Thursday, October 25, 2007

Managing an Agile team

Wow, it's been a while. Hopefully, I can get back into the swing of posting now that things have calmed down a little at the new job.

Speaking of the new job...

One of the biggest challenges I face daily is finding a practical methodology for executing on 'Agile' projects. I'm not talking about whether I choose SCRUM or Extreme or some other developer-focused methodology but rather a link between the 'project' side of software development and the 'code' side. Most of my reading and experience with Agile leans heavily toward the developers and writing code. However, there is much more to a software project than writing code. How does a Project Manager manage an agile project? How does he monitor progess and stay on budget?

I mean to dive into this over the next few months and I'll be marking my findings here.

Monday, May 07, 2007

The Siren Call of Web Services

Most of the solutions that I've worked on over the last few years have implemented a Service Oriented Architecture (SOA) and generally use web services to implement the services.

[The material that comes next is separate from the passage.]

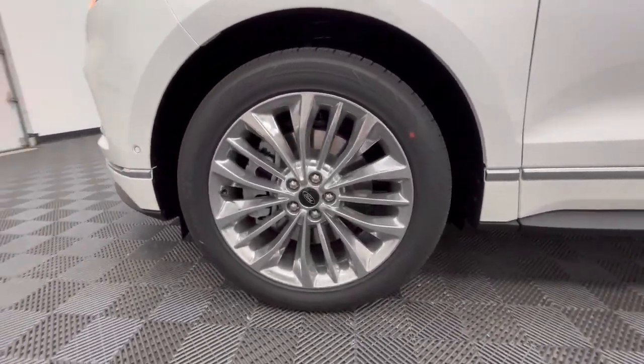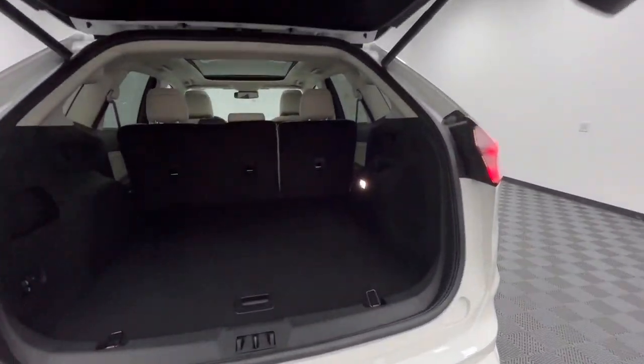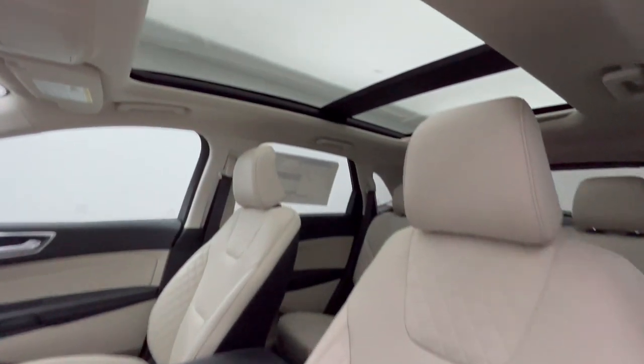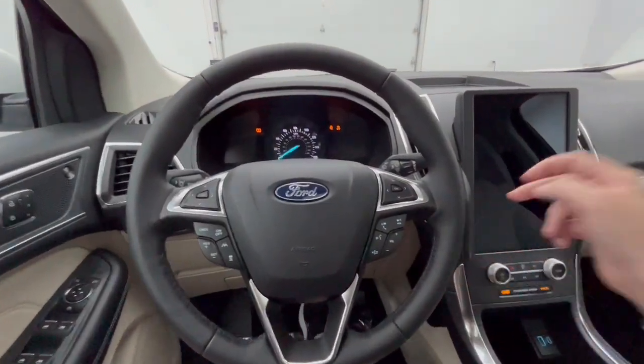These are just some of the great options this vehicle comes with: heated steering wheel, panoramic roof, keyless entry, navigation system, premium sound system, heated mirrors, adaptive cruise control, cooled front seat, heated rear seat, and lane keeping assist.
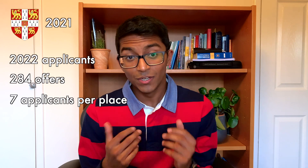For the 2021 admission cycle in Cambridge, there were 2,022 applications to study medicine and 284 offers were made, equating to roughly a one in seven chance of receiving an offer. So the statistics suggest that Oxford is more competitive for medicine than Cambridge, because they have a similar number of applicants but the cohort size is a lot smaller in Oxford than in Cambridge.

Usually, the web services have worked out great but occasionally they have failed spectacularly. Why have they failed? Read on to find out.

The "Siren call"
The great thing about web services is that they are really easy to create and (i.e. web service project template) and just as easy to consume (i.e. web reference) due to tight integration in Visual Studio. They are so easy to use that even new developers can be productive in a short period of time.
Web Services also make traversing application or network boundaries easy since constructing a SOAP call is easy (thanks to Visual Studio) and HTTP over port 80 will get you past most firewalls.

The "Danger"
The thing to keep in mind is that web services are slow. The ease of development and simple usability mean that we pay a price in performance.
Any call to a web service needs to be translated into SOAP, sent over the wire as wordy HTTP, translated from SOAP, service logic executed, translated back into SOAP, sent back as wordy HTTP, and finally translated back from SOAP. This may be a simplification of the actual process but you get the idea. There is a lot of activity around even invoking a simple "hello world" web service.

The "Fate"
At best, a slow web service means that your speedy application needs to wait while the service is invoked. Most of the time this is the only problem you'll have and it can be managed in a variety of ways (i.e. caching, asynchronous calls, etc.).
At worst, a slow web service could take down your beautiful solution and duplicate or lose important data.

How could a web service do so much damage?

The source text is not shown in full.